La divina follia dell'umano

di Licia Petraccone


 

Saggi introversi estrapolati con grande maestria dall’edizione originale da Giulia Lanciani – una delle più importanti lusitaniste italiane – danno vita ad una delle opere più rappresentative di Fernando Pessoa, Il libro del genio e della follia, scelta cospicua tratta dalla raccolta di oltre seicento testi pubblicati in Portogallo nel 2006 dal filologo Jerònimo Pizarro. Il Pessoa che ritroviamo tra queste pagine nella loro quasi totalità inedite, frammenti che ruotano tutti attorno allo stesso tema, cerca di porre un confine netto tra genialità e follia patologica, un tema che gli fu molto caro, tanto da perseguitarlo per tutta la vita, ma con particolare intensità tra il 1907 e il 1914.

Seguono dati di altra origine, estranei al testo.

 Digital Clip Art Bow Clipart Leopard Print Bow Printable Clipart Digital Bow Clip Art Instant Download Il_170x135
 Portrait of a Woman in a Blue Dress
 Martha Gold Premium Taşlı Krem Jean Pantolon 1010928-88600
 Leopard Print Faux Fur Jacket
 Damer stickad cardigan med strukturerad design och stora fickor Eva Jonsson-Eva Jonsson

Che il tema per Pessoa risulti ineludibile è espresso con chiarezza in una sua lettera all’amico Casais Monteiro in cui lo scrittore palesa il legame tra la propria follia (“un profondo tratto d’isteria”) e l’origine degli eteronimi, le tante persone, le tante personalità che lo stesso autore ha reso vive – dotandole perfino di una pseudo anima, di precise, puntuali “origini” anagrafiche – al fine di mettersi in contatto col mondo, forse, meglio, di esprimere la molteplicità del suo percepire e sentire, la strategia scelta per dare conto dell’urgenza espressiva che lo agita.

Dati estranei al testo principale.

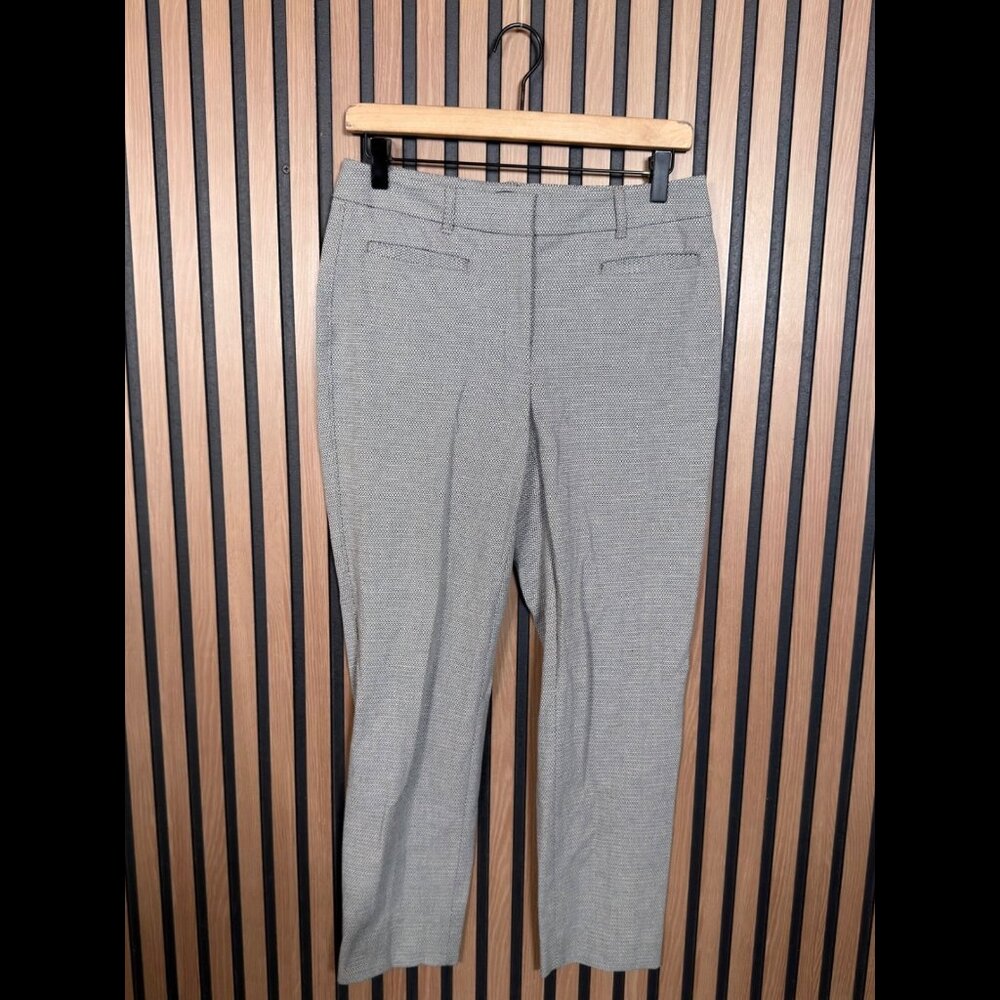 White House Black Market Dress Pants 4 Womens Gray Printed Slim Ankle WHBM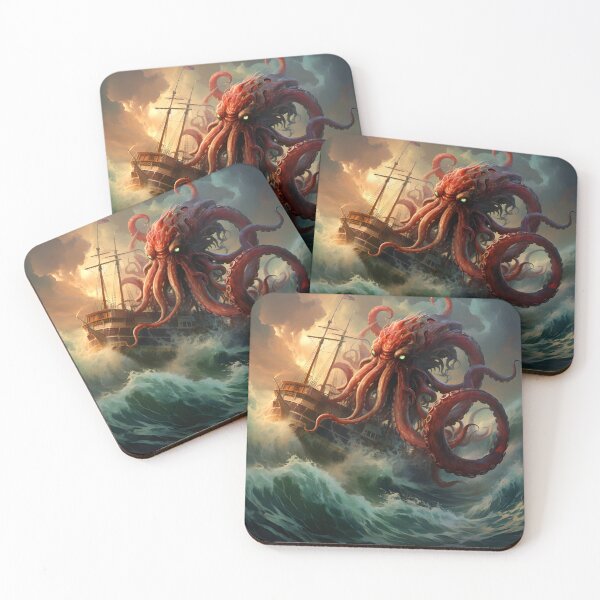 Item preview, evil octopus, sea monster designed and sold by WickyWildLife.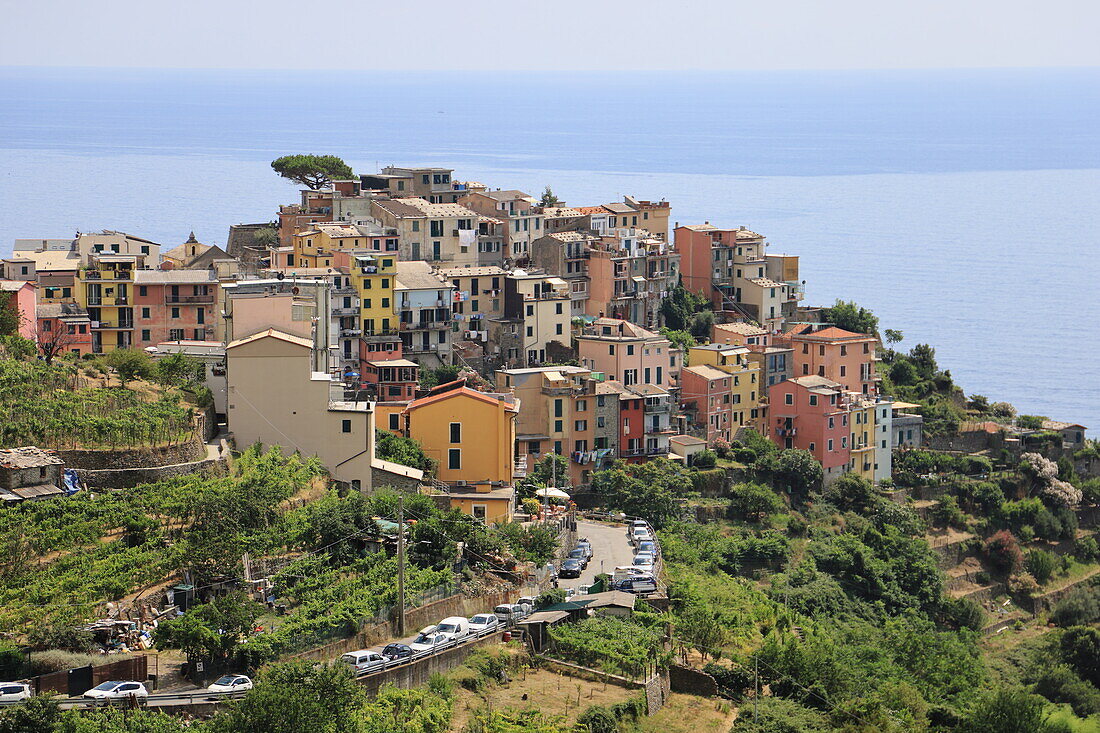 Corniglia, eine der fünf Städte des Nationalparks Cinque Terre, UNESCO-Weltkulturerbe, Ligurien, Italien, Europa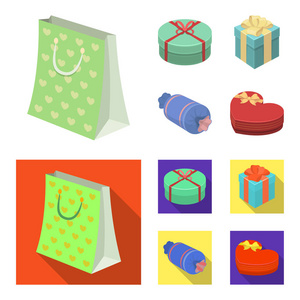 礼品盒带弓, 礼品袋。礼品和证书集合图标在卡通, 平面风格矢量符号股票插画网站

Qui la dimensione possibile di malessere, di disagio psichico espresso attraverso la moltiplicazione delle “sorgenti” della comunicazione artistica, di alter ego come Bernardo Soares Álvaro de Campos, Ricardo Reis, Alberto Caeiro diventa espressione della fungibilità dell’identità, della consapevolezza – tutta novecentesca – della fragilità del , della sua inconsistenza e frammentazione.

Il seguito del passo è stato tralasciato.